Edit as addition to MappaGnosis's answer: I forgot that in UTM the scale is less than 1 inside the standard lines, this seems to be the simple answer for the title question.

Cartesian distance is as measured on a flat Earth. Ellipsoidal distance is as measured on a spherical shape (or ellipsoid). To understand why the latter is longer, draw a circle and then draw a square inside it whose corners touch the circle. Now you can quickly see that the distance between any two adjacent corners is less if you follow a path along the edge of the square, than if you follow a path around the circle.

All projections are a compromise (even using a perfect sphere) between distance, bearing and area. No flat projection can be an exact representation of an ellipsoid. Even then, the Earth is not a prefect ellipsoid. It is a 'lumpy' spheroid. So your "expected" distance may very well not be the real distance as the Earth is not flat. Your expectations are based on Cartesian coordinates.
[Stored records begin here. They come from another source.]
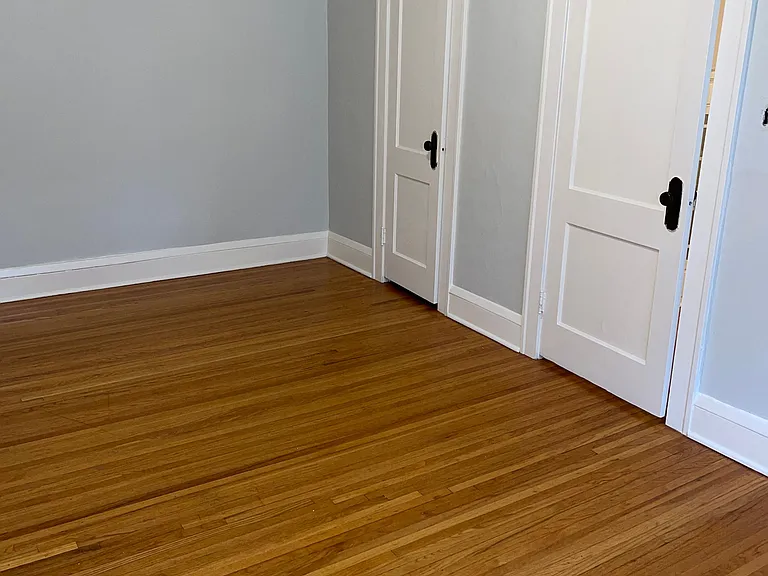 1506 Grand Apartments — Photo 12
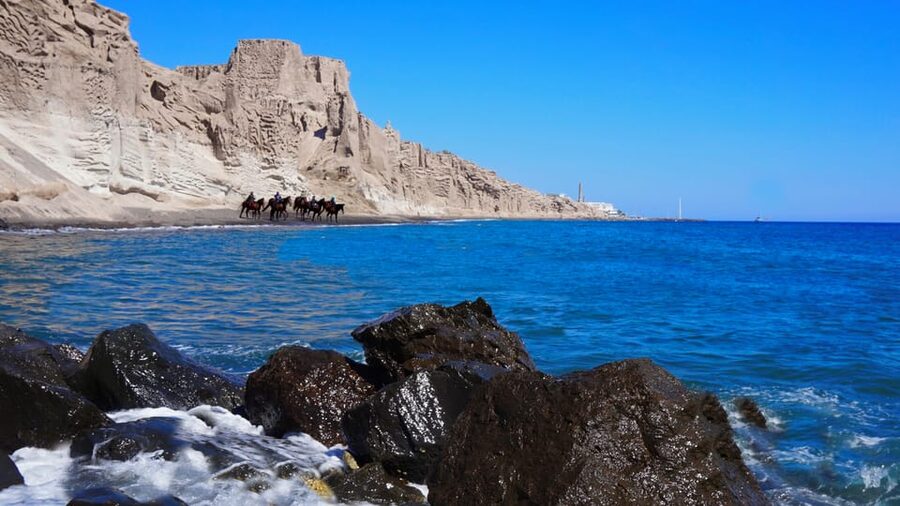 Santorini: Horseback Riding Tour on the Beach - The First Part of the Ride: Vineyards and Local Paths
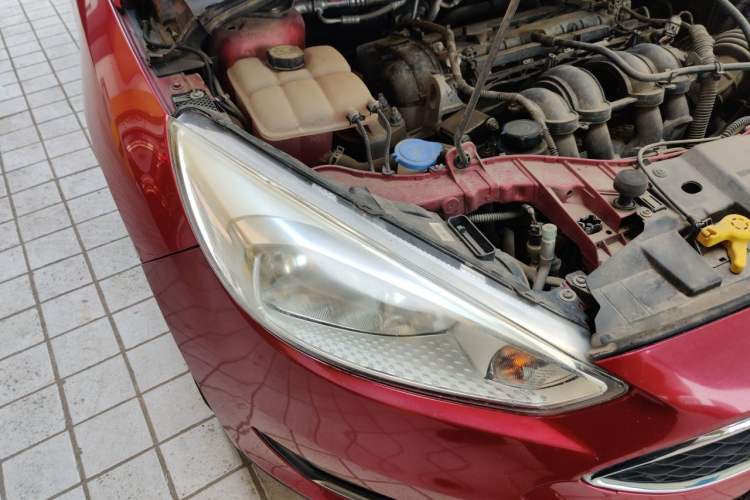 Used Ford Focus 2015 Hatchback 1.6L Automatic Fashion Edition Right Front Headlight
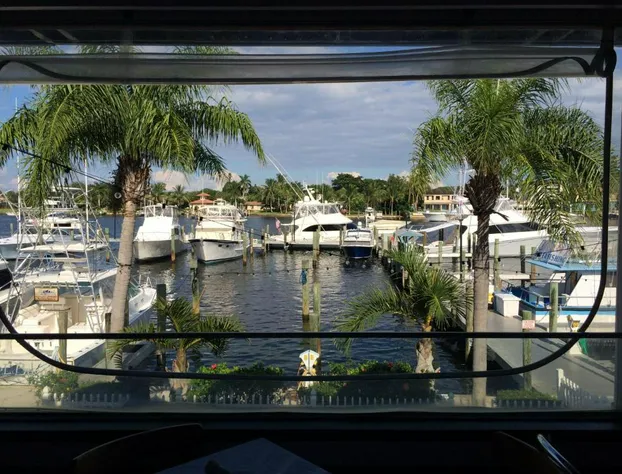 Pirate's Cove Resort & Marina hotel detail image 1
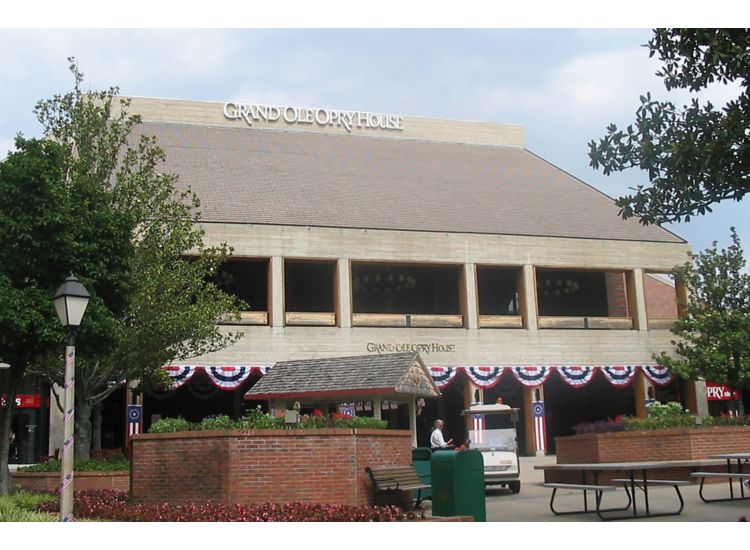 Photo of Exterior of Grand Ole Opry house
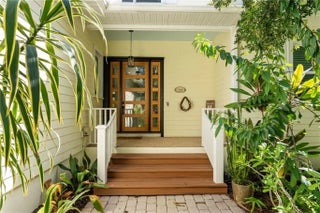 Photo of Listing #R11011180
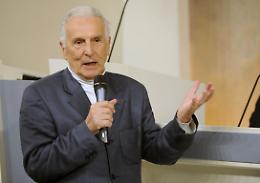 Garattini, medico non vaccinato deve fare un altro mestiere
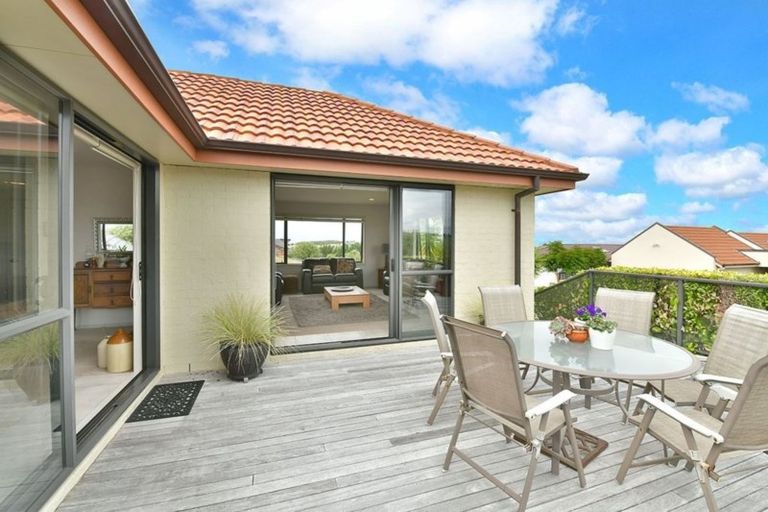 Photo of property in 127 Alec Craig Way, Gulf Harbour, Whangaparaoa, 0930
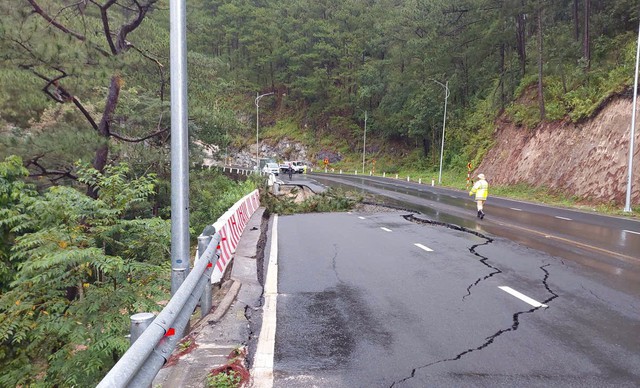Khắc phục sạt lở đèo Prenn: Đơn vị nào chịu trách nhiệm sửa chữa? - Ảnh 2. Khắc phục sạt lở đèo Prenn: Đơn vị nào chịu trách nhiệm sửa chữa? - Ảnh 2.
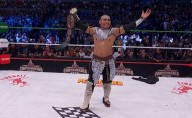 Hijo del Vikingo retiene el Megacampeonato en Triplemanía XXXIII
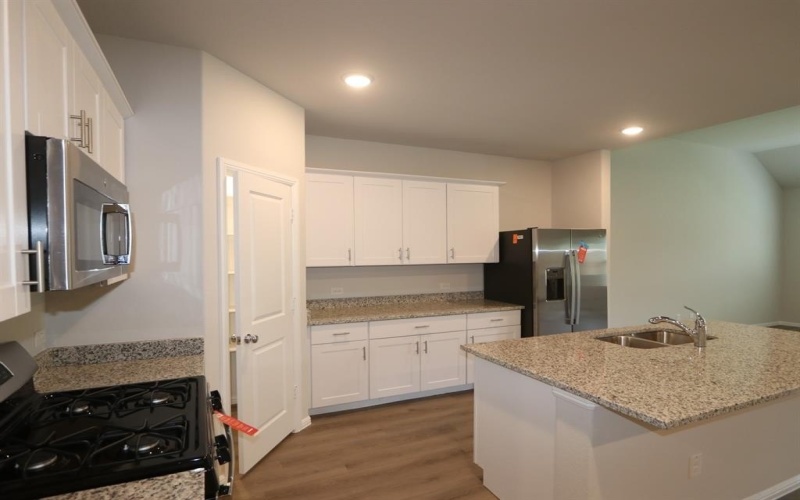 453 Forsyth Drive, Princeton, TX 75407, 5 Bedrooms Bedrooms, ,3 BathroomsBathrooms,Residential,For Sale,453 Forsyth Drive,20975337
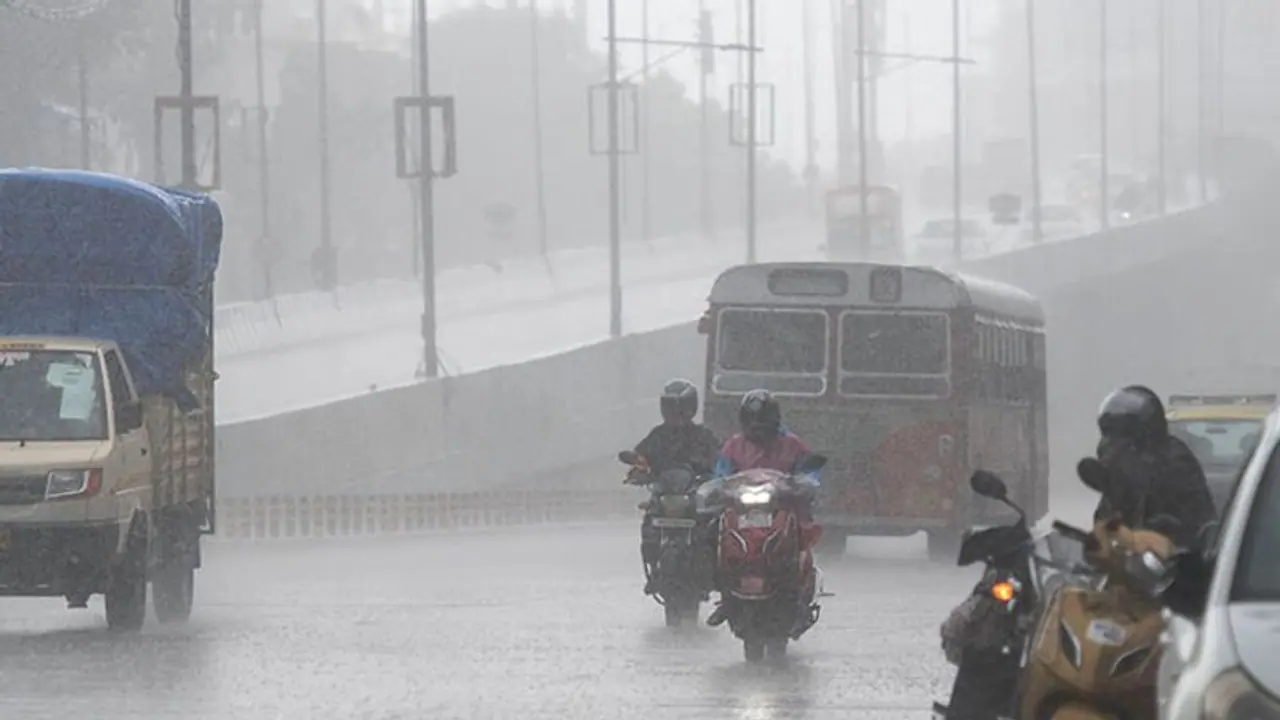 ‘Heavy to very heavy’ rainfall likely in Mumbai, Thane on July 15: IMD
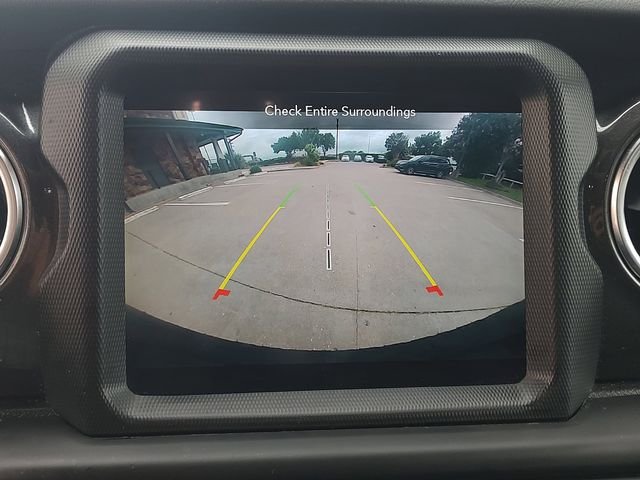 Used 2021 Gray Jeep Unlimited Sahara Altitude image 17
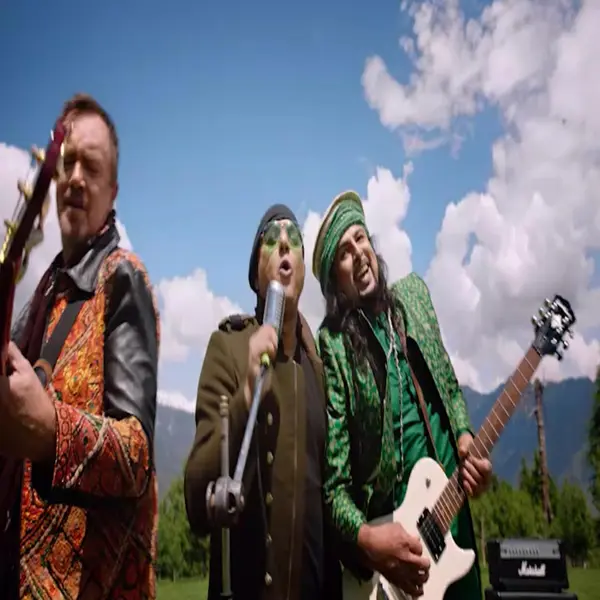 Choolay Aasman / Badley Jahan by Junoon album artwork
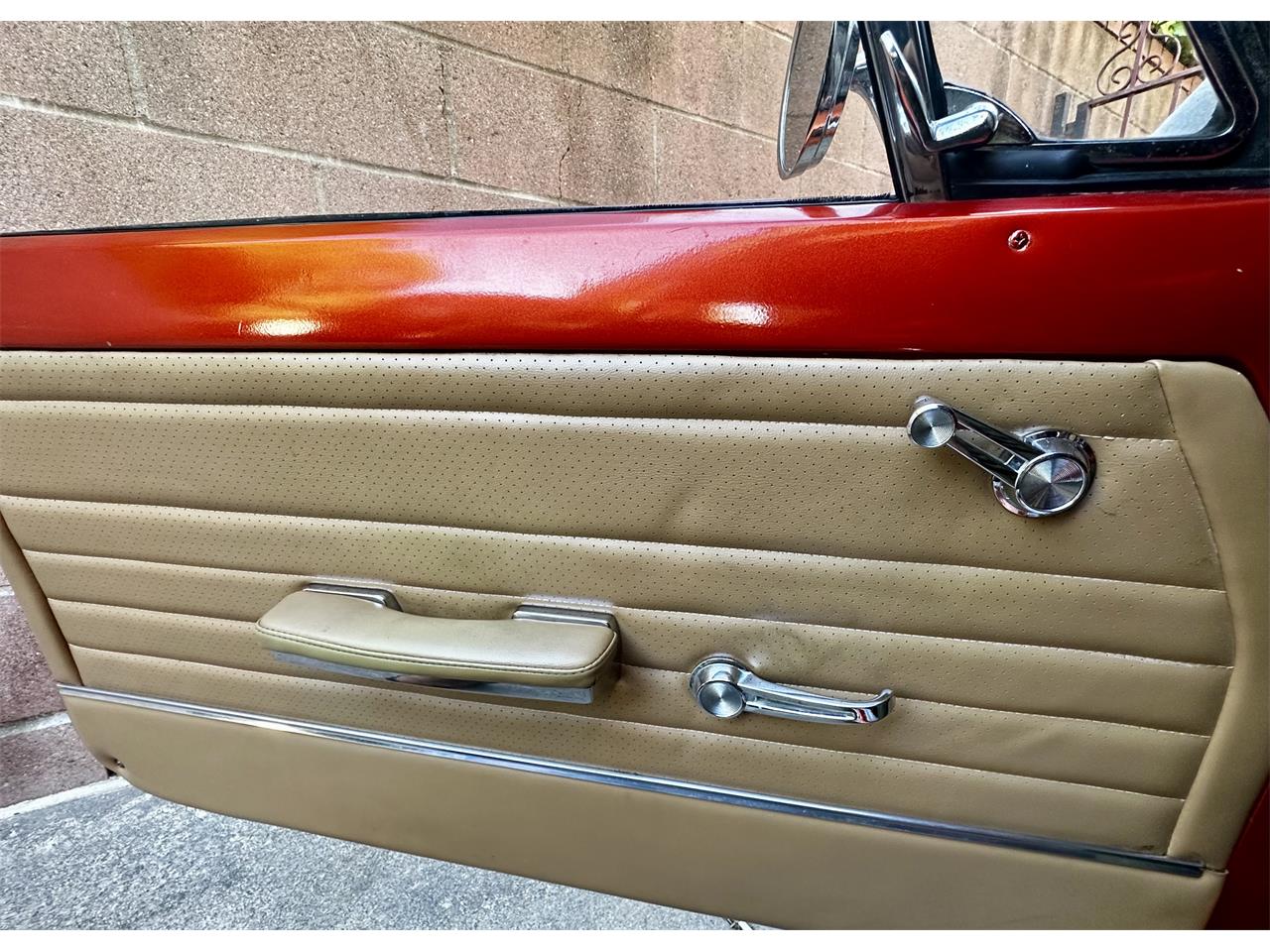 Chevrolet-Corvair-1965-Sunburst-orange-Brown-orange-40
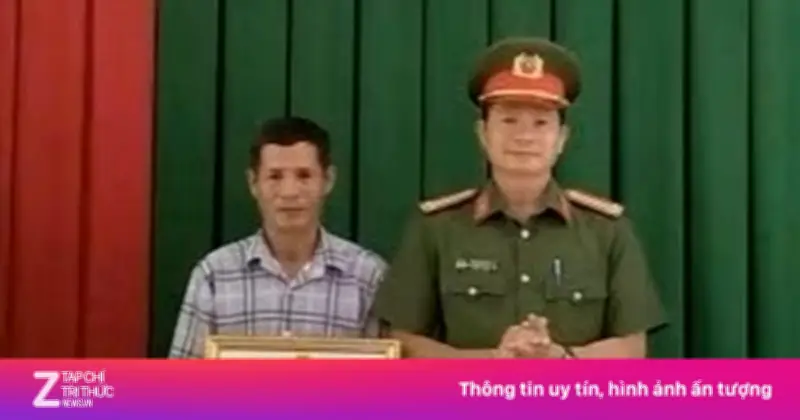 Người đàn ông lao xuống sông cứu nữ sinh tự tử được khen thưởng
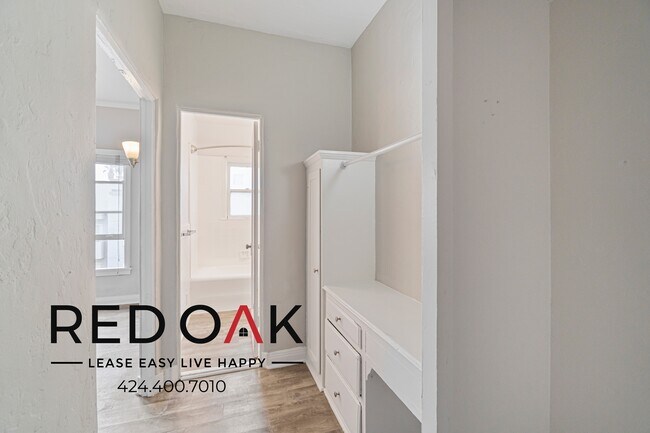 Foto del edificio - ~1 Month FREE~ Sophisticated Studio Featur...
For more discussion around this subject, do a search on this site for 'Haversine formula' and the pros and cons of using geographic vs geometric coordinates in PostGIS.

EDIT re pool balls:
The popular-science quote that the Earth is smoother than a pool ball is incorrect and based on a misconception that the stated allowable size deviation of 0.22% equates to surface smoothness (which is a different thing altogether). If we look at the depth of the Mariana Trench the usually quoted deviation is 0.17%. This should actually be 0.0855% as the WPA tolerance is relative to the diameter, not its radius. This would appear to prove the point, but remember we are not comparing apples with apples since the quoted WPA tolerance is not about smoothness but size. Scaled down, the mountains and trenches of the earth would equate to a surface roughness of 125 microinches rms. The smoothness of a new pool ball is of the order of 32 microinches. So when we compare apples with apples, the Earth is considerable rougher than a pool ball, having a scaled down surface roughness more akin to fine sandpaper - which would be totally unacceptable for pool and would quickly ruin the baize. You could take a cue ball and score its surface until it was rougher than 80 grit sandpaper (thereby making it infinitely rougher than a scaled-down earth) and it would still pass this WPA regulation because the regulation is not about roughness.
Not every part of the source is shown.